PM3: Hadoop and HBase: Motivations, Use cases and Trade-offs

This tutorial session will discuss the motivation, real-world use cases, and choices to make when deploying two related and popular open-source NoSQL systems: Apache Hadoop and Apache HBase.

These systems enable enterprises to store, to analyze, and to profit from all of their data. In order to handle petabyte-scale volumes of raw data, these distributed systems make different assumptions and different design decisions than traditional relational databases.

These designs enable new applications and potentially enable cloud deployments. We will also discuss some of the tradeoffs when choosing between public cloud deployments and private cluster deployments.

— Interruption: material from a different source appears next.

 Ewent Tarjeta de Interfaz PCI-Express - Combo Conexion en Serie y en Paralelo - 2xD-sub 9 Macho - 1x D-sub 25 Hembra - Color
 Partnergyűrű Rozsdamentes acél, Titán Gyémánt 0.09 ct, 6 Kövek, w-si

During the session we will discuss several topics:

Evolution of the Apache Hadoop and Apache HBase projects.
Tell-tale signs about when to seriously considering Hadoop and HBase
A high-level introduction to HBase's data access interfaces and abstractions.
Examples of real world HBase and Hadoop use cases and application architectures.
How the high-level architecture of HBase and Hadoop enables on-the-fly scaling to deal with increased workloads.
Using tools like Apache Whirr to deploy Hadoop and HBase in Public clouds
Hadoop and HBase tradeoffs: Public cloud vs private cluster.

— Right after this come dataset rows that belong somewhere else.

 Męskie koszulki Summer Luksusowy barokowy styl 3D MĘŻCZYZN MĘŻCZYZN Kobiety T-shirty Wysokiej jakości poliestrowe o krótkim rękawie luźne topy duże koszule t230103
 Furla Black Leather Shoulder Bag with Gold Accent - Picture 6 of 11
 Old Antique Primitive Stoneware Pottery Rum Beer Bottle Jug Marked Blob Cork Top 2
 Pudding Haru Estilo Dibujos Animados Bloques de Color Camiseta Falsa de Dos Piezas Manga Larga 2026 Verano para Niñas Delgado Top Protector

Jonathan Hsieh is a software engineer at Cloudera, where he works on several distributed systems in the Apache Hadoop ecosystem. He is a contributor on the Apache HBase project, founding member of the Apache Flume project, and a committee on the Apache Sqoop project. Prior to Cloudera, Jonathan earned a MS Computer Science from University of Washington, worked for the Department of Defense, and earned a MS/BS in ECE from Carnegie Mellon University.